(AP) -- Worldwide personal computer shipments increased more than 20 percent in the first three months of 2010 from the same period a year ago, a sign the PC business is on firmer ground after one of its shakiest stretches ever.
Analysts at research firms IDC and Gartner Inc. said Wednesday that the quarterly increase was higher than expected, and was driven by spending by both consumers and businesses. That could indicate that many kinds of technology companies, not just ones that sell PCs, will report stronger-than-expected first-quarter results as Intel Corp. did Tuesday.
Consumers' interest in low-cost laptops helped prop up the PC industry for the last three quarters. That remained true in the first quarter, a time when PC sales are typically slower. Consumers also started buying more of the slim "all-in-one" desktop computers that build everything into the monitor, IDC said.
In China, consumers flocked to deals offered around the Chinese New Year holidays, which helped push up PC shipments 45.4 percent in the country, according to Gartner.

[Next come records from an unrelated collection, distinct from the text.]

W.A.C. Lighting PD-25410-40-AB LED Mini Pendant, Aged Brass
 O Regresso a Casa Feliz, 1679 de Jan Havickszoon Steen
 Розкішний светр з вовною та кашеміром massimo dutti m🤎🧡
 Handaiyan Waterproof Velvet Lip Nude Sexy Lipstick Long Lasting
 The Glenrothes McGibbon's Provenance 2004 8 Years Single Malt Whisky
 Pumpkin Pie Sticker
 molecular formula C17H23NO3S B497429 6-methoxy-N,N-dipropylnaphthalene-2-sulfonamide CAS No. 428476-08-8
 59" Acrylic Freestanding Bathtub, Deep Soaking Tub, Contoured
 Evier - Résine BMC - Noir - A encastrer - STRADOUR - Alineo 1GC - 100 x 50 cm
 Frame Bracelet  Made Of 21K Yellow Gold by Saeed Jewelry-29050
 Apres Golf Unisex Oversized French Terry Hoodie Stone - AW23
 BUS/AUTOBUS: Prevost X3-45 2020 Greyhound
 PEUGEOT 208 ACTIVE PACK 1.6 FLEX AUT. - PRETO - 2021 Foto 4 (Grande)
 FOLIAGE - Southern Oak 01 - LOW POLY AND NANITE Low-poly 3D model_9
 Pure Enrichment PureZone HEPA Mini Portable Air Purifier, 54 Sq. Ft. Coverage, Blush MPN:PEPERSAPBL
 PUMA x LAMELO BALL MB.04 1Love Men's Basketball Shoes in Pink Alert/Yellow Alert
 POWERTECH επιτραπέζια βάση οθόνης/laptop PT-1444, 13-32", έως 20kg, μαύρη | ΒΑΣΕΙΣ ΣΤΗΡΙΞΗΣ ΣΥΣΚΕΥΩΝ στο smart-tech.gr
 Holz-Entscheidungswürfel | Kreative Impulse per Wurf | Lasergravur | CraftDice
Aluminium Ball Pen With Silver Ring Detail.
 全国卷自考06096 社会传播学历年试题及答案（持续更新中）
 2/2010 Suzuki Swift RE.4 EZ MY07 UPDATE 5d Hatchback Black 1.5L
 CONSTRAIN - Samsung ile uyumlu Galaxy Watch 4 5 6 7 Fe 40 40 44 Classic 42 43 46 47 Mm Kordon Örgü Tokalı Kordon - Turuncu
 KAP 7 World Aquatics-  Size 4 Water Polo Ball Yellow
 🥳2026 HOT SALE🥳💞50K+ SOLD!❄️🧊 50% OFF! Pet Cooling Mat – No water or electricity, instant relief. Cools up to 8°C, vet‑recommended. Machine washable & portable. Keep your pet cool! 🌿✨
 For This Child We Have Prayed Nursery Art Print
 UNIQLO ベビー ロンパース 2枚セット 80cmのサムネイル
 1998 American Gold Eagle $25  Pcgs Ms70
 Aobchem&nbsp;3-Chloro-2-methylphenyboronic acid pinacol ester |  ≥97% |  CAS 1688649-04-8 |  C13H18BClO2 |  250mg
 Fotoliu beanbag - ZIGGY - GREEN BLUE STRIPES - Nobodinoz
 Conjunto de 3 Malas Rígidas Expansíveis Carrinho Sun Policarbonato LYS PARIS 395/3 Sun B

The analysts also said businesses in the U.S. and Western Europe are starting to purchase new computers for the first time since the economic downturn.
Mikako Kitagawa, an analyst at Gartner, said businesses spent more freely as the overall economy improved. She also said Windows 7, Microsoft Corp.'s newest PC operating system, will push companies to replace computers faster in the second half of 2010 and the beginning of 2011.
Gartner said PC shipments rose 27.4 percent. IDC estimated shipments grew 24.2 percent. The two groups calculate the figure using slightly different methods.
The quarter looked particularly strong compared with a year ago, when PC shipments sank about 7 percent. The holiday period of 2008 and the first half of 2009 marked the industry's worst stretch in several years. But then consumers' interest in "netbooks" - tiny, inexpensive, low-powered laptops - and other cheap portable computers helped drive a turnaround, beginning with a tiny increase in shipments during the third quarter of 2009.
Hewlett-Packard Co. remained the top computer maker in the world, followed by Acer Inc., Dell Inc. and Lenovo Group Ltd. By IDC's measure, Toshiba Corp. was the No. 5 PC maker. Garter's rankings showed AsusTek Computer Inc. of Taiwan on par with Toshiba.
Acer's shipments grew faster than HP's or Dell's in the quarter. Analysts from both groups said HP and Dell have had a hard time matching Acer's low prices.
In the U.S., HP and Dell remained the top two PC makers by a wide margin. But their market shares slipped a few percentage points, while Acer and Toshiba gained. Apple Inc. is No. 5 in the U.S.